If z = 1 + i, then the argument θ is:
A
π/4
B
π/2
C
π/3
D
π/6
Analysis & Theory
θ = arctan(b/a) = arctan(1/1) = π/4.
The polar form of z = 1 + i is:
A
√2(cos π/4 + i sin π/4)
B
√2(cos π/2 + i sin π/2)
C
1(cos π/4 + i sin π/4)
D
2(cos π/4 + i sin π/4)
Analysis & Theory
z = 1 + i ⇒ r = √2, θ = π/4, so polar form: √2(cos π/4 + i sin π/4).
If z₁ = r₁(cos θ₁ + i sin θ₁) and z₂ = r₂(cos θ₂ + i sin θ₂), then z₁ * z₂ in polar form is:
A
r₁r₂[cos(θ₁ + θ₂) + i sin(θ₁ + θ₂)]
B
r₁r₂[cos(θ₁ - θ₂) + i sin(θ₁ - θ₂)]
C
r₁ + r₂[cos(θ₁ + θ₂) + i sin(θ₁ + θ₂)]
D
r₁r₂[cos θ₁ cos θ₂ + i sin θ₁ sin θ₂]
Analysis & Theory
Multiplying in polar form: multiply moduli and add arguments.

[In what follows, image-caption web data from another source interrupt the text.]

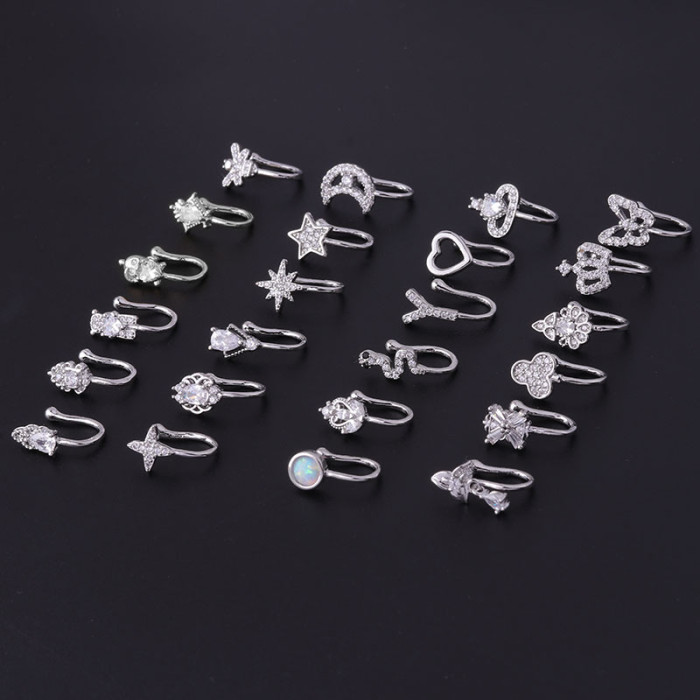 1Piece Fake Piercing Heart Moon Clip Nose Ring Cuff Body Jewelry for Women 2022 Trend Ear Cuffs Snake Clip Rings for Teens Girl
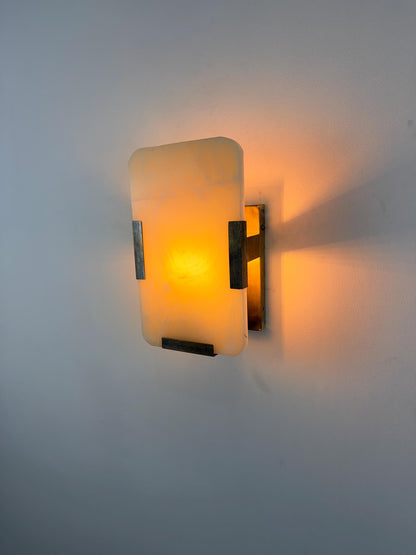 Natural Onyx Rectangular Wall Sconce - 10" x 6" - E12/E14 Compatible - optimized image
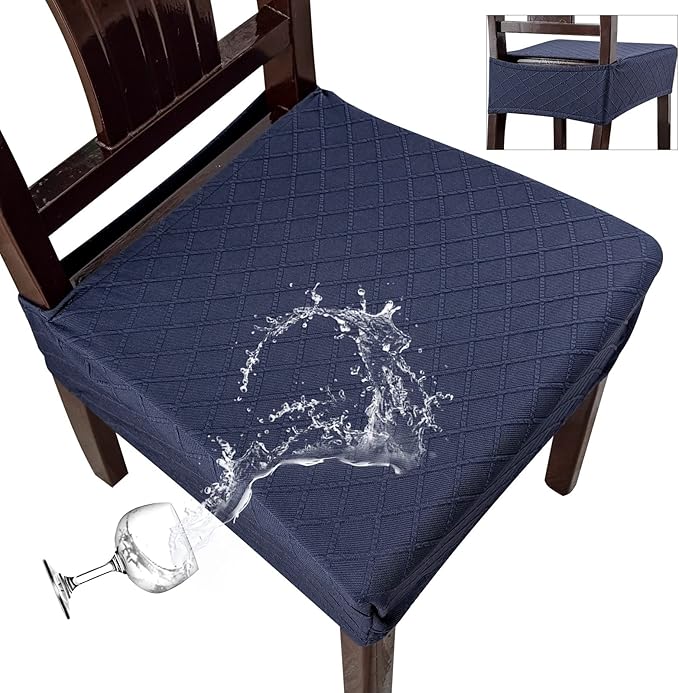 Genina Waterproof Seat Covers for Chairs,Set of 4 Dining Room Chair Seat Covers for Kitchen,Stretch Jacquard Removable Washable Dining Chair Slipcovers Protectors,No Rear Covers, Navy Blue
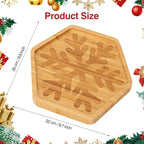WILLKOMMEN Christmas Serving Tray, Bamboo Snowflake Shaped Serving Platter, Charcuterie Board Serving Dishes 10" x 9" for Party Cookie Fruit Tray Cheese Board Plate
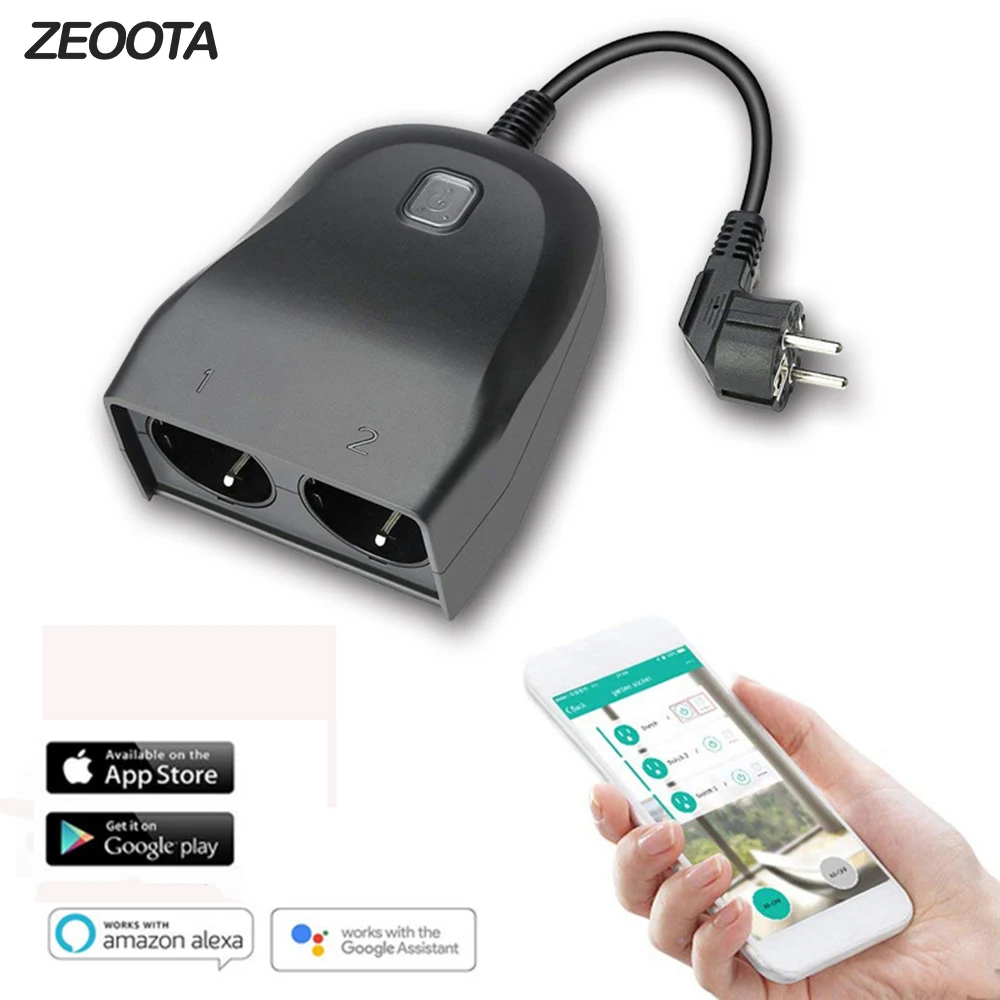 

Outdoor Electrical Outlet Weatherproof Wifi Smart Power Strip Wireless Remote Control Outlet Support Alexa Google Home,IFTTT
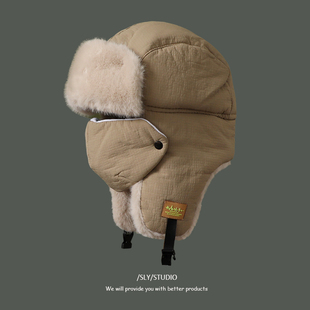 口罩雷锋帽冬季 骑电动车保暖神器防风护耳帽加厚防寒棉帽 男女同款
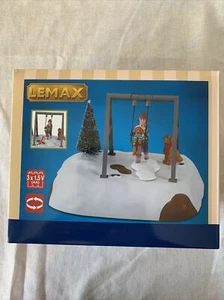 Lemax Puppy Gets A Swing Ride -Animated Holiday Village Accent. #14836 - Picture 1 of 7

If z₁ = r₁(cos θ₁ + i sin θ₁) and z₂ = r₂(cos θ₂ + i sin θ₂), then z₁ / z₂ in polar form is:
A
r₁/r₂ [cos(θ₁ - θ₂) + i sin(θ₁ - θ₂)]
B
r₁/r₂ [cos(θ₁ + θ₂) + i sin(θ₁ + θ₂)]
C
r₁r₂ [cos(θ₁ - θ₂) + i sin(θ₁ - θ₂)]
D
r₁ + r₂ [cos(θ₁ - θ₂) + i sin(θ₁ - θ₂)]
Analysis & Theory
Dividing in polar form: divide moduli and subtract arguments.
Euler's form of a complex number z in polar form is:
A
z = r e^(iθ)
B
z = r cos θ + i sin θ
C
z = a + ib
D
z = r(cos θ - i sin θ)
Analysis & Theory
Euler’s formula: e^(iθ) = cos θ + i sin θ, so z = r e^(iθ).
If z = 2(cos π/3 + i sin π/3), then z in a + ib form is:
A
1 + √3 i
B
2 + √3 i
C
1 - √3 i
D
√3 + i
Analysis & Theory
z = 2(cos π/3 + i sin π/3) = 2(1/2 + i√3/2) = 1 + √3 i.